Ele explicou que a perspectiva de uma colheita recorde de soja brasileira tende a enfraquecer os valores de todo o complexo da oleaginosa --composto pelo grão, farelo e óleo--, mas os preços estão "comportados" e "nós já sentimos um suporte desses prêmios de farelo para o Brasil", em meio a este cenário de redução de oferta no país vizinho.
A Argentina é a maior exportadora global de óleo e farelo de soja, mas por efeito de uma severa estiagem pode colher menos de 33,5 milhões de toneladas do grão, reduzindo a capacidade de produção e exportação de seus subprodutos.
Dados da Bolsa de Cereais de Buenos Aires (BdeC) divulgados na véspera indicam que, se confirmada, está poderá ser a menor colheita do país desde a temporada de 2007/08, quando atingiu 32 milhões de toneladas. Na safra anterior, os argentinos produziram 43,3 milhões.
Com base em dados do Departamento de Agricultura dos Estados Unidos (USDA, na sigla em inglês), o diretor da Caramuru disse que a quebra na Argentina deve resultar em uma diminuição de 4 milhões a 5 milhões de toneladas na produção de farelo do país.
"Um impacto dessa magnitude na Argentina tende a trazer demandas extra para o Brasil", afirmou.
Incomum
O especialista sênior em Preços de Grãos e Oleaginosas na S&P Global Commodity Insights, José Roberto Gomes, ponderou que os prêmios para exportação de farelo na Argentina estão maiores que os do Brasil atualmente, algo incomum no mercado, devido à quebra de safra.
"O Brasil, geralmente, apresenta prêmios em níveis superiores aos da Argentina."
Segundo ele, em 1º de março, a Platts, que é parte da S&P Global, considerou o prêmio no Brasil para embarque em abril a 5 dólares por tonelada curta sobre o contrato para maio na Bolsa de Chicago.
"A título de comparação, os atuais prêmios spot no 'cargo market' (mercado de carga) de Up River, na Argentina, estão acima de 20 dólares por tonelada curta sobre os futuros em Chicago, provavelmente refletindo a safra menor e a lentidão nas vendas de produtores locais de soja", disse o especialista.
Interno x externo
O diretor da Caramuru acredita que um incremento na demanda internacional pelo farelo brasileiro virá, mas a capacidade de processamento do país tem uma certa estabilidade, o que não abre espaço para grandes aumentos de produção que poderia trazer alívio para consumidores no Brasil.
"Nós, Caramuru, olhamos mercado interno e exportação. Nosso mercado de carnes do Brasil está bem aquecido. Vai ter mais demanda? Com certeza vai", comentou.

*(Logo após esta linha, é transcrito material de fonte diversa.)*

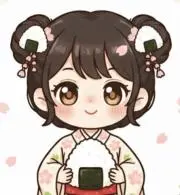 あやむすびの画像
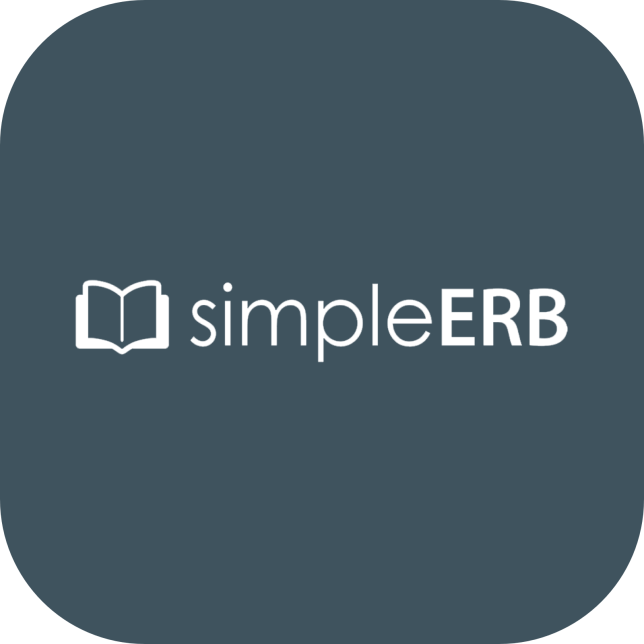 SimpleERB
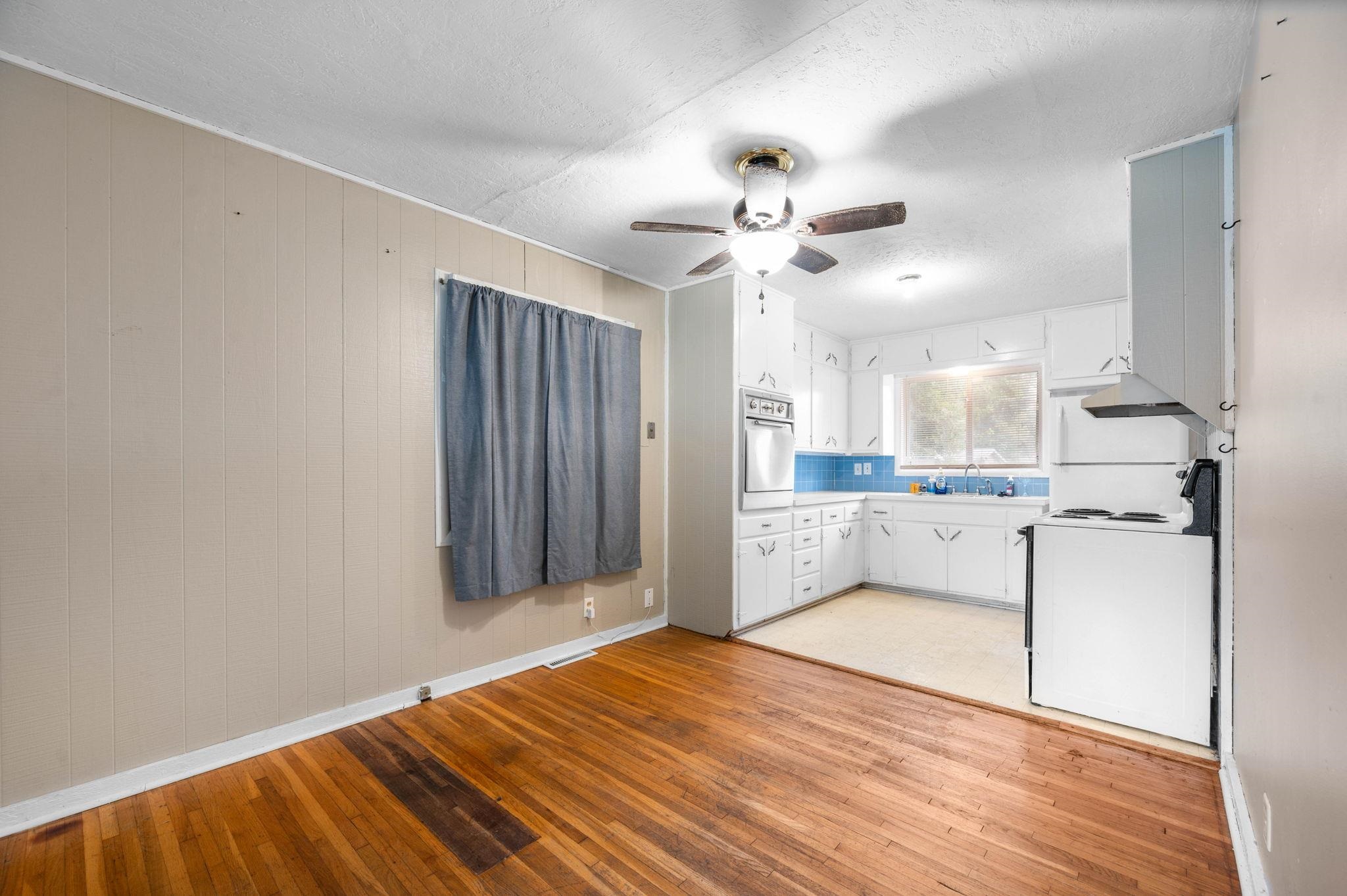 1448 N Prairie Lane Derby KS 67037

"Vai acontecer uma briga entre o mercado doméstico e exportação", completou sobre a demanda por farelo de soja, que também é um dos principais componentes da indústria de carnes, como ração animal.
Segundo a associação nacional da óleos vegetais Abiove, que representa as tradings, a produção de farelo de soja no Brasil está estimada em 40,2 milhões de toneladas para 2023, com exportações de 20 milhões e consumo interno de 18,1 milhões.
No caso da Caramuru, Sousa disse que a empresa costuma trabalhar com muitos contratos de longo prazo no fornecimento de farelo. Segundo ele, nesta época do ano passado, os preços subiram muito em função da guerra na Ucrânia que impulsionou todas as commodities e os compradores chegaram a arrefecer.
Agora, ele contou que os fluxos de contratos estão mais ativos, em parte, por um retorno destes compradores e também pela relação com o cenário de baixa oferta na Argentina.
"Se a gente tivesse condição de ampliar o esmagamento, faríamos."
"Outro indicador que a gente pode falar que ainda não ocorreu, mas que vai ocorrer são os embarques de complementos, chamados de 'top off'", afirmou.
Trata-se de carregamentos para exportação iniciados na Argentina, mas que podem não conseguir completar o navio com farelo e venham ao Brasil para complementar a carga antes de seguir para o destino de embarque.
"Então, espera-se que esse 'top off' vá aumentar essa operação esse ano", frisou.